**About this exercise:**
Within the listing that follows, reproduce exactly the lines starting at the line with "bolton valley vt hotels" and ending at the line with "Chimney Sweep Wilkinsburg - PA", inclusive, and only those. Pictures are dropped.

**Source data:**
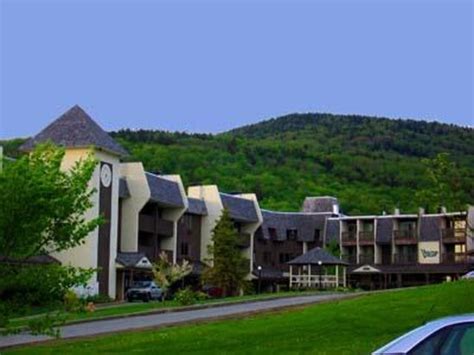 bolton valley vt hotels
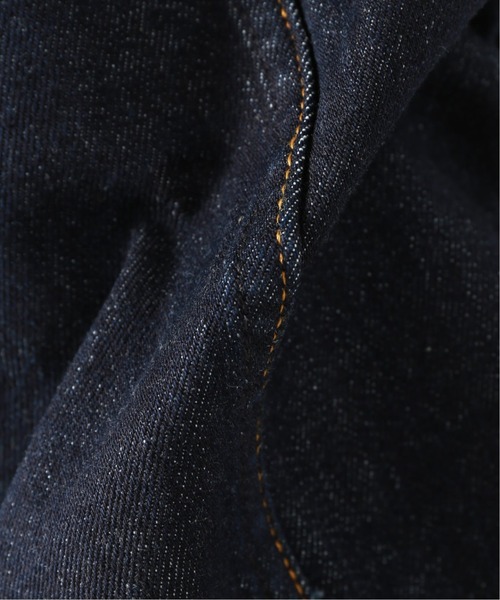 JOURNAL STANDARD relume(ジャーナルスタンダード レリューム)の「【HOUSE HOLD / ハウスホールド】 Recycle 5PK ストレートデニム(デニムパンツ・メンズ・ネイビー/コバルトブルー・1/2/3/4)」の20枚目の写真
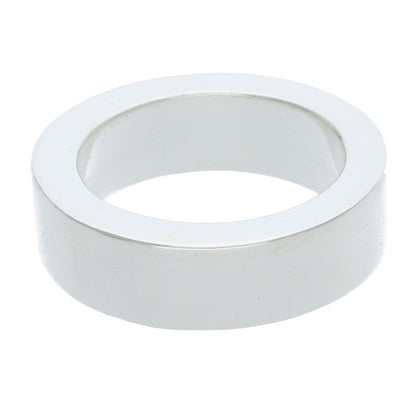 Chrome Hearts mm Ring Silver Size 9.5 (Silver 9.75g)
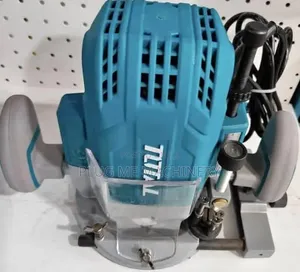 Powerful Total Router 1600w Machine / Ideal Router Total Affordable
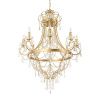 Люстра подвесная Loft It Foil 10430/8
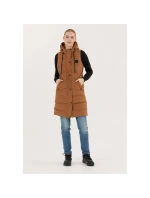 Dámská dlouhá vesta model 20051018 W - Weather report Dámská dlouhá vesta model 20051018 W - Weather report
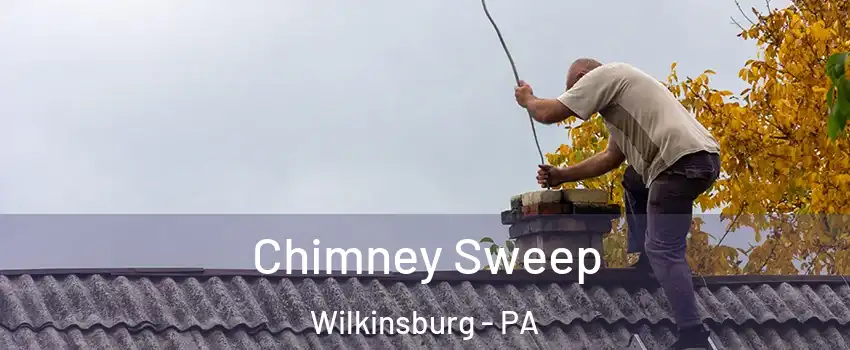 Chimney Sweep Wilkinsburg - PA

...

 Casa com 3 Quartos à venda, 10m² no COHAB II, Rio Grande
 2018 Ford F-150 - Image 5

**Answer below:**
 bolton valley vt hotels
 JOURNAL STANDARD relume(ジャーナルスタンダード レリューム)の「【HOUSE HOLD / ハウスホールド】 Recycle 5PK ストレートデニム(デニムパンツ・メンズ・ネイビー/コバルトブルー・1/2/3/4)」の20枚目の写真
 Chrome Hearts mm Ring Silver Size 9.5 (Silver 9.75g)
 Powerful Total Router 1600w Machine / Ideal Router Total Affordable
 Люстра подвесная Loft It Foil 10430/8
 Dámská dlouhá vesta model 20051018 W - Weather report Dámská dlouhá vesta model 20051018 W - Weather report
 Chimney Sweep Wilkinsburg - PA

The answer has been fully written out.